Django Unchained (maybe a few little spoilers so avoid if you don't want to know):
Wow, where to start... Stunning, slick, dark, gory, hilarious, there probably aren't enough adjectives to describe this film. Now I am a screaming Tarantino fangirl at heart so maybe take this praise with a pinch of salt but, for me, this movie was simply unbelievable.
Slavery and plantations are a dark chapter in history and Tarantino captures this masterfully. There are moments in the film that are very unpleasant and I genuinely struggled to watch (a slave being torn apart by dogs sticks out) and this all adds to how satisfying it is to see our protagonist Django (a freed slave) seek his revenge in the most gratuitous way possible (that's no bad thing!).
Speaking of Django, Jamie Foxx does a good job portraying him. Now I'm a bit of a filmy but I'll admit that I haven't seen that much of him (Goldigger is a pretty good song though

). I enjoyed him in Jarhead but I haven't seen Ray which he got a lot of plaudits for. Despite Django Unchained being a pretty over the top film, the passion and drive Foxx brings are very believable. Despite having top billing, he is not the star of the show though. The limelight is stolen by Christoph Waltz, playing his bounty hunter mentor. Seriously, I can't describe how brilliant Waltz is. He's laugh out loud funny when he needs to be, brutally violent in that very Tarantionesque, tongue in cheek manner, an all round fabulous performance. Obviously Waltz does have the writing to thank for a lot of this (which I've always considered Tarantino strongest aspect) but it's the little things he brings to the film that really make it. Just as Hans Landa in Inglourious Basterds would suck on his pipe in a certain, menacing way, here Waltz will twirl his beard or make some other gesture that makes you think "this dude means business".
Waltz is not the only person to turn in a superb performance though. Leo di Caprio plays a fabulously camp (he drinks out of a coconut with an umbrella in it forchristsakes!) yet sinister Francophile plantation owner while Samuel L Jackson continues his inexorable love affair with Tarantino's movies, playing a down right creepy "uncle Tom" head of di Caprio's slave household who, by the conclusion, you really come to despise due to the embracing of his master's philosophy of brutality. The role has equal measures of uncomfortableness and hilarity for the audience, with, on a number of occasions, Tarantino just letting Samuel L be Samuel L in that badass way he does.

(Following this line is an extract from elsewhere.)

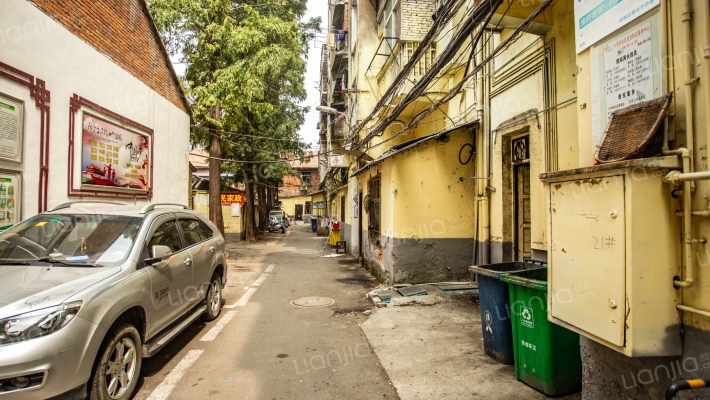 物资公寓外景图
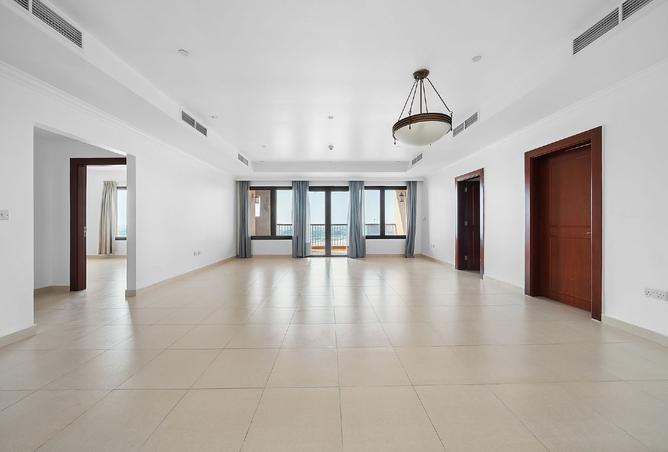 979008 - Property Main Image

Now, Django Unchained is a long film, a smidgen under 3 hours, but that's not to say it gets dull (*cough* Les Mis *cough*). The pacing is perfect. Just when you think you can switch off, an outbreak of violence brings you crashing back down to earth. The build up to the denouement (I use that term loosely as there is still maybe half an hour, forty minutes of the film left at this point) is ridiculously tense and a lot of that come down to the fore mentioned brilliant writing. You know shit's going to go down, you just don't know when, real edge of the seat stuff.
There's many more things I could go into (Jonah Hill's hilarious cameo as a leader of a calamitous KKK posse, di Caprios's character's downright weird relationship with his sister are examples) but I want to keep this relatively brief. Go and see it. I dare you, I double dare you not to like it.

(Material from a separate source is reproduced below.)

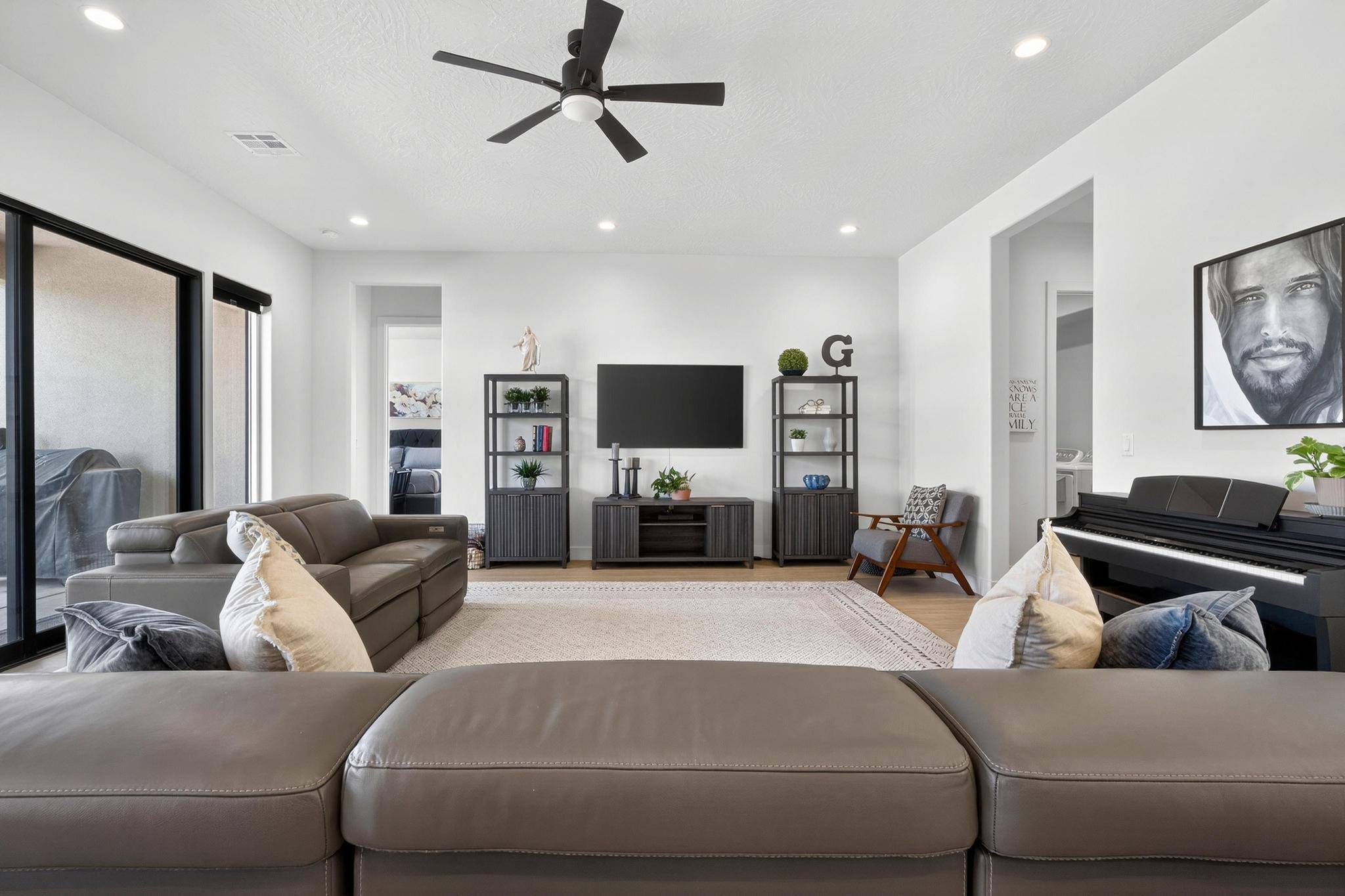 VIEWS AT CORAL CANYON - Residential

As an aside, there something I'd like to address. In light of recent events, violence in the media has come under an intense spotlight. This film has been faced with critics saying it "desensitises" viewers to violence. Personally I think nothing could be further from the truth. The majority of the "violence" on show in this movie is nothing like real life violence. The gun fights are over the top, they're stylised, and, while not slapstick, they are, at times, pretty funny (a character flying backwards spectacularly when shot and gallons of fake blood spurting everywhere). Then again, the more realistic scenes of violence, the slave beatings for example, are, as previously mentioned, horrible to watch. You are not desensitised to the suffering you are seeing, you feel it yourself and, I tell you, it isn't pleasant or enjoyable in any sense.